Intermittent Write Performance Issues in TiDB Database

Note:
This topic has been translated from a Chinese forum by GPT and might contain errors.

Original topic: tidb数据库间歇出现写入性能问题

| username: TiDBer_I2NHtzjz

[TiDB Usage Environment] Production Environment
[TiDB Version] 8.1
[Reproduction Path] What operations were performed when the problem occurred
The issue occurs intermittently every day and has not been resolved yet.

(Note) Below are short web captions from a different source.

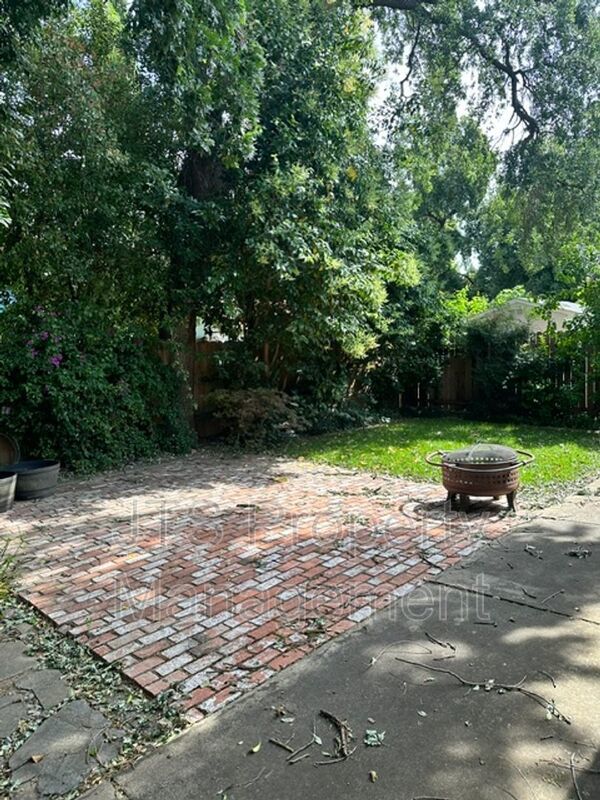 For Rent in a well-established Elk Grove neighborhood! property image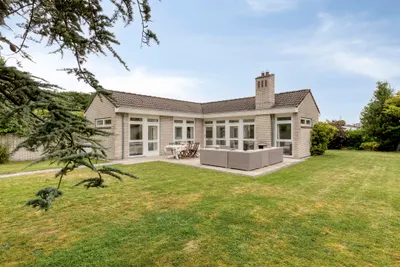 Hogeweg 34 a 0016, 4328PE, Burgh-haamstede, Zeeland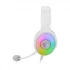 Redragon Pandora H350 Headphone in BD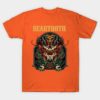 53538881 0 3 - Beartooth Band Store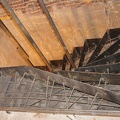 Drayton Gardens staircase 00015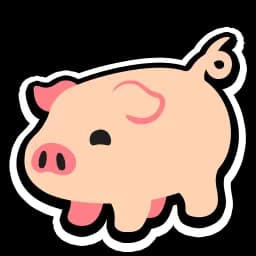 Pig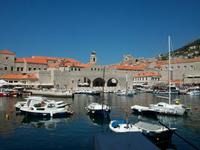 Dubrovnik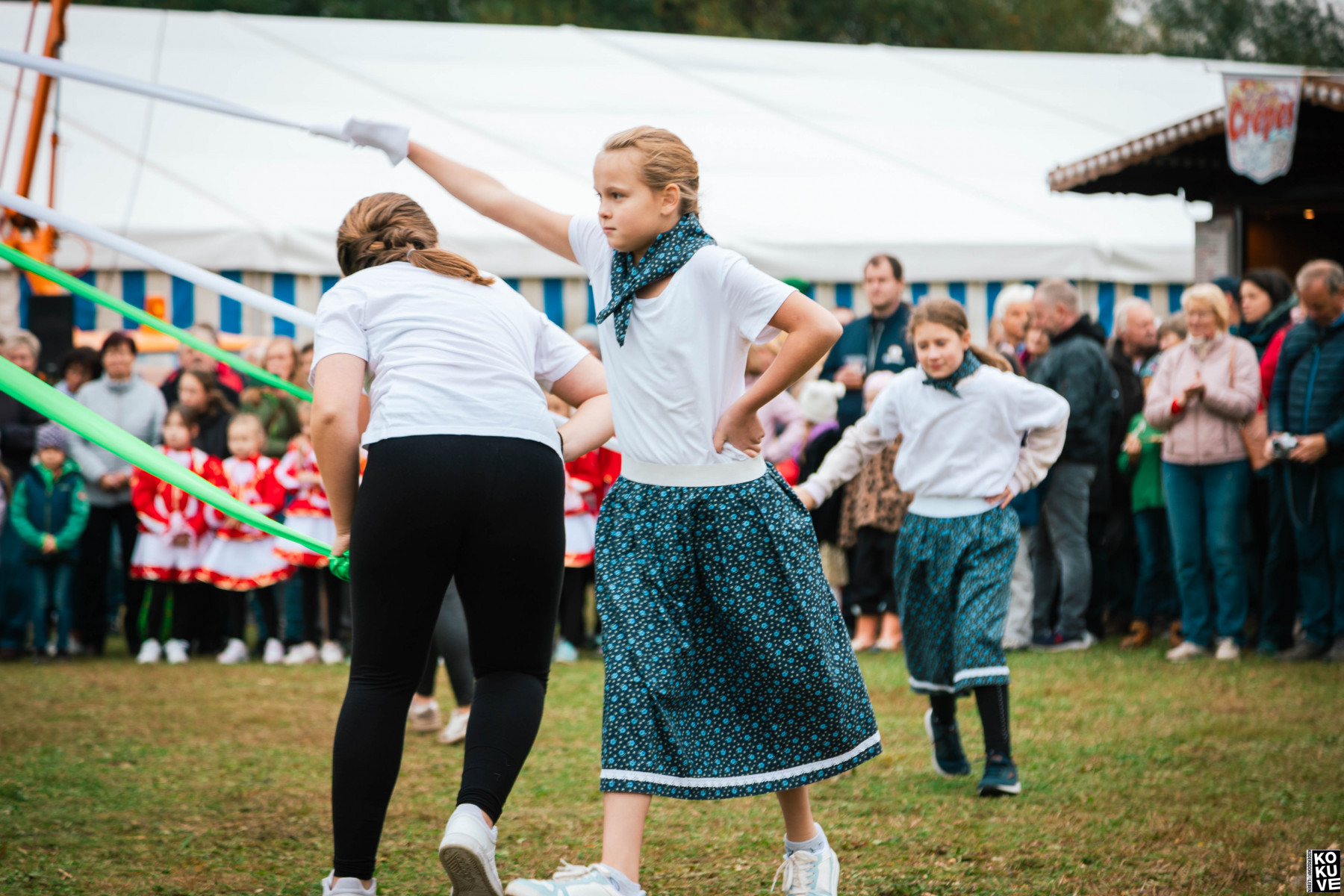 Festumzug-KiEKO-2024-131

[Encountered Problem: Problem Phenomenon and Impact]
The TiDB database is configured with a total of 9 nodes, 3 PD, 3 TiDBServer, and 3 TiKV (25, 26, 27). Recently, there has been an intermittent write performance issue. When the problem occurs, simple SQL updates take more than 10 seconds to execute. There is no obvious pattern to the fault, and the occurrence time and the SQL execution time are not fixed. Checking the host parameters during the fault, there are no significant changes in CPU, memory, disk IO, or network parameters. Using the “Slow Query” feature in the dashboard, I located the slow SQL updates and found that the time-consuming part is mainly in the “Prewrite phase”. In the logs of node 25 on the dashboard, there is an error at the same time point: “[store 4] async write too slow, write_kv: 0s, write_raft: 14.781872366s, send: 0.000012071s, callback: 0.000010795s thread: store-writer-0”] [takes=14781] [thread_id=136]", which I understand to mean that the raft log write time took 14.7 seconds. Based on this clue, I checked the TiDB parameters on the Grafana system and ruled out several possible causes:

  1. Ruled out short-term performance issues caused by region compression. (The parameters under write Stall kv are normal with no significant changes)
  2. Ruled out write pressure issues caused by uneven region distribution. (The region parameters on the db-bigdata-accdb-Overview panel are normal)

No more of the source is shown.